Boehringer-Ingelheim / anomaly-detection-in-histology

Learning image representations for anomaly detection: application to discovery of histological alterations in drug development
MIT License
17 stars 1 forks source link

The anomaly score received from anomaly_detector.py #4

Closed Akihiko0123 closed 9 months ago

Akihiko0123 commented 9 months ago

I believe generally scores gotten from decision_function of svm.OneClassSVM means normal when positive value like 0.157952692864881 and anomaly when negative value like 0.44923574585746. Would you mind letting me know if the score from anomaly_detector.py is the same as this svm.OneClassSVM? I would appreciate it if you could tell me if my understanding is wrong. Thank you.

igsing commented 9 months ago

It depends which score variable within the code you are talking about. anomaly_detection() function within anomaly_detector.py returns negative values for predicted anomalies because it uses decision_function() from scikitlearn you are talking about. In the main part of anomaly_detector.py, however, this is flipped in some places, see the line 529, so that all_scores variable has positive values for anomalies.

Akihiko0123 commented 9 months ago

It depends which score variable within the code you are talking about. anomaly_detection() function within anomaly_detector.py returns negative values for predicted anomalies because it uses decision_function() from scikitlearn you are talking about.

Thank you so much for your reply. I understood when using decision_function() of scikitlearn, returns negative values for predicted anomalies. (especially when training svm model with normal data only like your research) And I understood also that the value is flipped in the main part of anomaly_detector.py.

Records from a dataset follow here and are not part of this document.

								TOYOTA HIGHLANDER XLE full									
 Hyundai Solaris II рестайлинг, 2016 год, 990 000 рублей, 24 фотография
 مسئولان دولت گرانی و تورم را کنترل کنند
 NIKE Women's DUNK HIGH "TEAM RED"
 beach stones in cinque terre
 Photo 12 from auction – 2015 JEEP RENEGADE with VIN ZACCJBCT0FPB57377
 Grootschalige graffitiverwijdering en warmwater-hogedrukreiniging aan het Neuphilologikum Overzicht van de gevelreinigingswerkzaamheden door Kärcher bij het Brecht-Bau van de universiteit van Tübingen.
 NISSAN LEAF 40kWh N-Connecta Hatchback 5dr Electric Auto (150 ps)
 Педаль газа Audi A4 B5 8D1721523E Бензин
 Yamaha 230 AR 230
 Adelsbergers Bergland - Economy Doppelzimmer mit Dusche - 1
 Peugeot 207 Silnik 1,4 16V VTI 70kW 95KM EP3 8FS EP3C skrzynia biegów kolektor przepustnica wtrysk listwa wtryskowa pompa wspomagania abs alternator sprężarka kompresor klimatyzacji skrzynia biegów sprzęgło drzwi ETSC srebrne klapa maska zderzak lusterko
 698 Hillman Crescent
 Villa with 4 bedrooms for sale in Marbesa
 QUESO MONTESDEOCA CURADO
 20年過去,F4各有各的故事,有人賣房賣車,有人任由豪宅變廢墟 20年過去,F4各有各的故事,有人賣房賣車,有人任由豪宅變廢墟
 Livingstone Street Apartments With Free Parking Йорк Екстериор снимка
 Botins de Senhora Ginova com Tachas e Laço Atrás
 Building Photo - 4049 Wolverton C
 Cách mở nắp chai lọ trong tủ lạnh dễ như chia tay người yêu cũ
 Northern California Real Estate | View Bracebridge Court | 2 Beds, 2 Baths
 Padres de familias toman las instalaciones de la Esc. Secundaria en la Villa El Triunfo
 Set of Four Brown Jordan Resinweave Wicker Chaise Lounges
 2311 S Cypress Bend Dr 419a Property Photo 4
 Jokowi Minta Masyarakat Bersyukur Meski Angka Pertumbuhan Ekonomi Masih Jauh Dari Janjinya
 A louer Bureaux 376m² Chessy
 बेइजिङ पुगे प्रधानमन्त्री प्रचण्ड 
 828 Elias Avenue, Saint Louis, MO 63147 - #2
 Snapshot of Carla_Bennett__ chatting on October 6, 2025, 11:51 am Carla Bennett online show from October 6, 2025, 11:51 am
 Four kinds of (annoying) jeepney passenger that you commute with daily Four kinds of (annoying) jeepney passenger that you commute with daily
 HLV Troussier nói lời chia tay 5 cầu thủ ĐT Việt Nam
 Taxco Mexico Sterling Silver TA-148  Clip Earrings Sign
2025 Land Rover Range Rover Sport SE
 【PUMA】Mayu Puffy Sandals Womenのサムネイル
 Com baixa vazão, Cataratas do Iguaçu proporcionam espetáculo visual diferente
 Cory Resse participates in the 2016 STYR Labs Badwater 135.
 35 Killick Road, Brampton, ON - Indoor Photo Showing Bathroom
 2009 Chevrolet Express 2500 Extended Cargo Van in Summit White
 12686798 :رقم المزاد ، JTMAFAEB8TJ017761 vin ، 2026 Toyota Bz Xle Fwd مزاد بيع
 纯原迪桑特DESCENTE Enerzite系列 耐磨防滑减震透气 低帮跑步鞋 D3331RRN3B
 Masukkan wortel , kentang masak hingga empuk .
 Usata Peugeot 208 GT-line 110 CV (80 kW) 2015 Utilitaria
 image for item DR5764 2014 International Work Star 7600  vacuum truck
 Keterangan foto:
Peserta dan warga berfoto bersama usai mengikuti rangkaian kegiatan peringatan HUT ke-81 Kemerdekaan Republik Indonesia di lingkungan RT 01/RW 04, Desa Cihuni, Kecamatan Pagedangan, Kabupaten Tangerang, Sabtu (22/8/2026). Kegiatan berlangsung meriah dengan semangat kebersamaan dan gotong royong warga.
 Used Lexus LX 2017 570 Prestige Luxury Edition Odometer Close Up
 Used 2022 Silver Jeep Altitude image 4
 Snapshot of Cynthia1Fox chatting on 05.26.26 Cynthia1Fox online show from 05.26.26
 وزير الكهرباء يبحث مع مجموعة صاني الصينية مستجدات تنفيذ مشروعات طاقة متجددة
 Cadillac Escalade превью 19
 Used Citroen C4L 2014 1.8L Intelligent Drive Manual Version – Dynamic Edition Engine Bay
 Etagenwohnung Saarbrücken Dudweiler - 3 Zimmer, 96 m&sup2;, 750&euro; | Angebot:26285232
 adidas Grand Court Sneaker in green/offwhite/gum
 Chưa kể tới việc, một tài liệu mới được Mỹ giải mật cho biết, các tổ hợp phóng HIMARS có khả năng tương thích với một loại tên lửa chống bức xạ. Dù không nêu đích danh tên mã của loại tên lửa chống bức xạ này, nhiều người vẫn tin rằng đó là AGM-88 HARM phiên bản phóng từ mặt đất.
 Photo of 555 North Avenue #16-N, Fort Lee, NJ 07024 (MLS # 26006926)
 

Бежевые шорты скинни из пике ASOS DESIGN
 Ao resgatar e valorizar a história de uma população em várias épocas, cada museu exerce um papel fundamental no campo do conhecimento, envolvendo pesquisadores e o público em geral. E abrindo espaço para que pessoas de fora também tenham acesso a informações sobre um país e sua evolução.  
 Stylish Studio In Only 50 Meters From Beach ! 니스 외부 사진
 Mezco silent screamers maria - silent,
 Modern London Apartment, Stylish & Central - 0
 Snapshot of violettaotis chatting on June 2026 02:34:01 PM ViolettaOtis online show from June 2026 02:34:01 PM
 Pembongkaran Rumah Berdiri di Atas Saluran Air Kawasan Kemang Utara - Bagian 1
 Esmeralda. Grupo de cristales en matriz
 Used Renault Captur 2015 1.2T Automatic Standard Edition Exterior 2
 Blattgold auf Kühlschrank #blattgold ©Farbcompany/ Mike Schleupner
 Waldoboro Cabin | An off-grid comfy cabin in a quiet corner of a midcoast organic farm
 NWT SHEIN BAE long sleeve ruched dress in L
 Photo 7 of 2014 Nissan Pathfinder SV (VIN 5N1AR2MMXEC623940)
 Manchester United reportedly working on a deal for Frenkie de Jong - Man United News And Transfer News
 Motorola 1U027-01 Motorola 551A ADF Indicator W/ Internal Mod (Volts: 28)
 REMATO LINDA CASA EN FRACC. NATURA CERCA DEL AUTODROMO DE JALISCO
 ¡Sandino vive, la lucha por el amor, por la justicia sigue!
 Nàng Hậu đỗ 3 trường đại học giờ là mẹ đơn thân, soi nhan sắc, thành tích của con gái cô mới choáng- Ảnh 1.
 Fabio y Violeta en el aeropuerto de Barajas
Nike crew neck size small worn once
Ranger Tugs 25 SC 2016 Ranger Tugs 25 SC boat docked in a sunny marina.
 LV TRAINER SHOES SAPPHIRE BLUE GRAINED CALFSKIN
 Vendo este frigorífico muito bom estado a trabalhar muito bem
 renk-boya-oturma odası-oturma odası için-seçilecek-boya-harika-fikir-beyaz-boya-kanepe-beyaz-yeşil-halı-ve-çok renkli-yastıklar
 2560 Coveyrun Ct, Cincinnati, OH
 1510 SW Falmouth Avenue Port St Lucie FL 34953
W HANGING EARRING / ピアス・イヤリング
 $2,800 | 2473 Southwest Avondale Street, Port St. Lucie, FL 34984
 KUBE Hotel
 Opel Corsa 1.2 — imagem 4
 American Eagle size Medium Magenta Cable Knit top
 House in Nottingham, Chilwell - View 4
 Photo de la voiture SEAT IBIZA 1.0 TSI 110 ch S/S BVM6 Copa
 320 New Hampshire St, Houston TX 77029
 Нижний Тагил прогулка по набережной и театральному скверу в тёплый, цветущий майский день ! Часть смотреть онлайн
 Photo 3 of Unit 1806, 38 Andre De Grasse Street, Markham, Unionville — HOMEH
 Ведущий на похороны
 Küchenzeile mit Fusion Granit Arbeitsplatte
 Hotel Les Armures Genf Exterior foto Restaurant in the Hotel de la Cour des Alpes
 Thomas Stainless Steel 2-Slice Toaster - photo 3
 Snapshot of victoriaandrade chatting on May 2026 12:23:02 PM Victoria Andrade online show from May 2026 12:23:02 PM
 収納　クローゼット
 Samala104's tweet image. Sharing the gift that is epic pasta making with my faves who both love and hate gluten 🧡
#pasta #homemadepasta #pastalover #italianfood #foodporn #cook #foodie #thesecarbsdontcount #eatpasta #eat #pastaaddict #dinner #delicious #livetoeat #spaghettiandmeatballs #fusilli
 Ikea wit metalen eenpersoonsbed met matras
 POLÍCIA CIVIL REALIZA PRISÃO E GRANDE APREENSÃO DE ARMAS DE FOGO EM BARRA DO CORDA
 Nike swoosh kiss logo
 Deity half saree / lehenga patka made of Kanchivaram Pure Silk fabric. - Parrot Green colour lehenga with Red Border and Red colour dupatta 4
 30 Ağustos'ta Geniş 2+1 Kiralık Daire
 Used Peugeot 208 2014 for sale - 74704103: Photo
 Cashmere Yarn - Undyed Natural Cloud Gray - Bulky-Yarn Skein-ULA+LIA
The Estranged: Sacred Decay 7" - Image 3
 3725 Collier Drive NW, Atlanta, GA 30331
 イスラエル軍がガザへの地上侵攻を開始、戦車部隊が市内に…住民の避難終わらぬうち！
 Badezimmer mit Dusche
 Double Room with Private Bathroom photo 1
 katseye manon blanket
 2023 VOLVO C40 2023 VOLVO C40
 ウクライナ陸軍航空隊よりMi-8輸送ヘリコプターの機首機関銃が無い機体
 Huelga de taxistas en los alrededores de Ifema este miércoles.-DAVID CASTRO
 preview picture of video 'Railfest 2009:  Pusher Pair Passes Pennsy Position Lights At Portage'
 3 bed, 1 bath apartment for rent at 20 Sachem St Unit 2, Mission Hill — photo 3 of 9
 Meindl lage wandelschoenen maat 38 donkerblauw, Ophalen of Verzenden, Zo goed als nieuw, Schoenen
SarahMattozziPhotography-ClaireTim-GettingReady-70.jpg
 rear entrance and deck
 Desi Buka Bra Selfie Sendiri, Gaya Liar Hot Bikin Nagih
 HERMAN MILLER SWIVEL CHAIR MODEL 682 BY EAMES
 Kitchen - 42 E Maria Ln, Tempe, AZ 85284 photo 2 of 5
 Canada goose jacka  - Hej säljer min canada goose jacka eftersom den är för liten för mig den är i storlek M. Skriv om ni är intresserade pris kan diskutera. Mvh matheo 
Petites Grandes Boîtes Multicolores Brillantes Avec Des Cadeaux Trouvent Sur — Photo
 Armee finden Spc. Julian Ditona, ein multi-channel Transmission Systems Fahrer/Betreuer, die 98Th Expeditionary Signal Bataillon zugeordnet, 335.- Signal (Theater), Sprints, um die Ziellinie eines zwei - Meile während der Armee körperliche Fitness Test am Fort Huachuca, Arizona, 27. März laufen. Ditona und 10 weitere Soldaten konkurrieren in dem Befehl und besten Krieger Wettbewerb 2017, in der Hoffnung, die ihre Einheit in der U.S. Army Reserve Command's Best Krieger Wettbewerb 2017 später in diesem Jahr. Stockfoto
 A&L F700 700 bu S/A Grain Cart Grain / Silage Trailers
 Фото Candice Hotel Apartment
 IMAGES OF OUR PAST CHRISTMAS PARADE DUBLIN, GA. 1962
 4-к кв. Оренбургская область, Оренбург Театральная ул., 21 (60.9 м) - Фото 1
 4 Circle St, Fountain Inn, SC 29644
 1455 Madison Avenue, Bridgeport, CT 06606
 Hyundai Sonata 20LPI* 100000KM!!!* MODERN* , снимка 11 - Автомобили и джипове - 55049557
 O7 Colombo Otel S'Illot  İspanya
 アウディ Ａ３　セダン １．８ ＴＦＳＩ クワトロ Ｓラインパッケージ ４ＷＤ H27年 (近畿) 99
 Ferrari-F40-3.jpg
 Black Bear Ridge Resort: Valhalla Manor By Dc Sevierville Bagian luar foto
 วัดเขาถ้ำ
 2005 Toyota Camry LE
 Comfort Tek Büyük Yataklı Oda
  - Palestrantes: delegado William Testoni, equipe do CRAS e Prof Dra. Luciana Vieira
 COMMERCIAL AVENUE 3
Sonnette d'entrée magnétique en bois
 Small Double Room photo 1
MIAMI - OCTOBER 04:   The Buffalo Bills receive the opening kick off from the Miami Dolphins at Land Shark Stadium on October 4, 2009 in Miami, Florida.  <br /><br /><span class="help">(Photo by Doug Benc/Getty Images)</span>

I am using decision_function() from scikitlearn same as your anomaly_detector.py. (but not flipped the score) However, the scores from decision_function() of scikitlearn showed the negative value for the normal data and the positive value for the anomaly data for several times. I mean , smaller value like -5.3 tend to be the normal data and larger value like 1.5 tend to be the anomaly data. I am checking the details and the cause of this result. Thank you again!